# Moving



## culinarystudent (Jan 27, 2011)

I recently found a culinary school that I would like to attend in Capetown and was wondering what to expect. I am from the US, texas born of puerto rican decent. I have read that being white can sometimes be a factor in SA. Being from a multiracial I have dealt with issues like this before and was just wondering what life in this country would be like. I'd have limited money seeing as to how I am a student and would be needing a job, would this be difficult?


----------



## Johanna (Apr 13, 2009)

culinarystudent said:


> I recently found a culinary school that I would like to attend in Capetown and was wondering what to expect. I am from the US, texas born of puerto rican decent. I have read that being white can sometimes be a factor in SA. Being from a multiracial I have dealt with issues like this before and was just wondering what life in this country would be like. I'd have limited money seeing as to how I am a student and would be needing a job, would this be difficult?
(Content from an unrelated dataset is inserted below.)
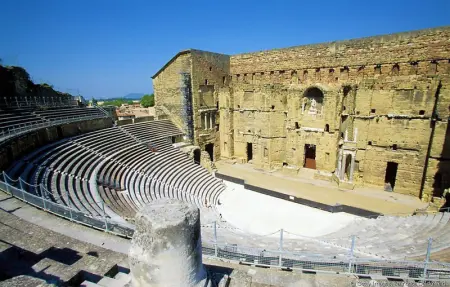 Maison avec piscine, Maison 10 personnes à Rochegude - Photo 35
My suggestion is that you contact the culinary school and ask them these questions. They should be able to help you.
Your race does not matter at all.
Finding a job may be difficult as I suspect you will need a work permit and jobs are few and far between, as in the rest of the world.


----------



## Guest (Jan 27, 2011)

culinarystudent said:


> I recently found a culinary school that I would like to attend in Capetown and was wondering what to expect. I am from the US, texas born of puerto rican decent. I have read that being white can sometimes be a factor in SA. Being from a multiracial I have dealt with issues like this before and was just wondering what life in this country would be like. I'd have limited money seeing as to how I am a student and would be needing a job, would this be difficult?


In terms of a permit, that should not be a problem. How long will you be planning on going to the culinary school? They may require you to have a study permit, but that should not be a problem.

In terms of the race issue, as Johanna said, not an issue. Finding a job would prove difficult as you may not have sufficient work experience. I would start at a website called careerjunction and gumtree.

If you have questions about a study/work permit I would be happy to help.


----------